Along a hillslope, therefore, there are many patches without vegetation cover and with fragments of rocks, stones and litter, or just bare soil, which have different functions in the surface redistribution of water through their distinct hydrodynamic behaviour. The effects of surface components on overland flow and infiltration have been addressed in several studies (Poesen, 1986, Poesen et al., 1990, Lavee and Poesen, 1991, Brakensiek and Rawls, 1994, Bunte and Poesen, 1994, Valentin, 1994, Moustakas et al., 1995, Katra et al., 2007). Some relationships were observed between rock fragment size, infiltration rates and overland flow yield. Valentin, 1994, Martínez-Murillo and Ruiz-Sinoga, 2007 also showed that the rate and yield of overland flow generation were higher in the presence of ‘partially embedded’ rock fragments than ‘on top’ rock fragments.
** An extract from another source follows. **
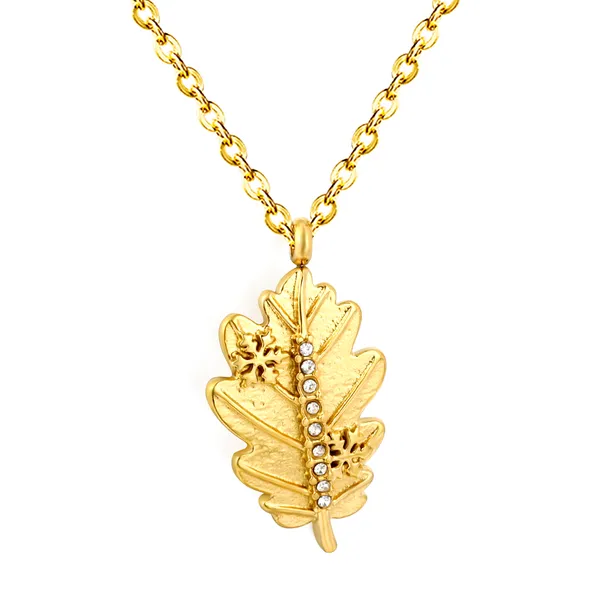 Gold_Tone_Leaf_Pendant_Necklace_for_Women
This was attributed to the continuity of overland flow in the vicinity of ‘partially embedded’ rock fragments on the ground surface, thus delaying infiltration into the underlying soil (Poesen and Lavee, 1994, Katra et al., 2007). These hydrological processes affect soil water content after rainfall depending on soil physico-chemical properties and soil retention capacity, and determine how long the water remains in the soil.

Several studies on the hydrological behaviour of surface components were conducted in limestone or granite areas (Poesen, 1986, Poesen et al., 1990, Lavee and Poesen, 1991, Poesen and Ingelmo-Sanchez, 1992, Ingelmo et al., 1994, Valentin, 1994, Moustakas et al., 1995, Bergkamp, 1998, Calvo et al., 2003, Buttafuoco et al., 2005, Katra et al., 2007). These researches found that shrubs affect soil properties through soil–vegetation interaction that resulted in higher infiltration rates and greater soil water retention capacity than in inter-shrub areas, and consequently higher soil moisture content after rain and overland flow events (Sarah, 2002, Katra et al., 2007). Other studies showed how the soil under rock fragments is subjected to microclimatic conditions of relatively moderate soil temperatures compared to soil without vegetation, which enhances biophysical feedback (biotic activity–soil aggregation) and, in turn, pedo-hydrological properties (Danalatos et al., 1995, Li and Sarah, 2003). This improvement, together with specific hydrological processes such as stone flow, may enable relatively high soil moisture content to accumulate under rock fragments at the end of a rainfall event and during the subsequent days (Katra et al., 2007).

This study presents the results obtained on a monitored hillslope in dry Mediterranean climatic conditions in Southern Spain, and the objectives being: i) to evaluate the state of degradation by analyzing the soil surface components of the hillslope, ii) to determine the surface hydrological processes and their consequences from the point of view of erosion and iii) to establish the factors which regulate such processes. By means of this evaluation, information about the hydro-geomorphological dynamics on hillslopes with metamorphical and impermeable geological substratum, lithologies which are not very frequent in the scientific literature relating to the hydrological and erosive processes in Mediterranean environments has been offered.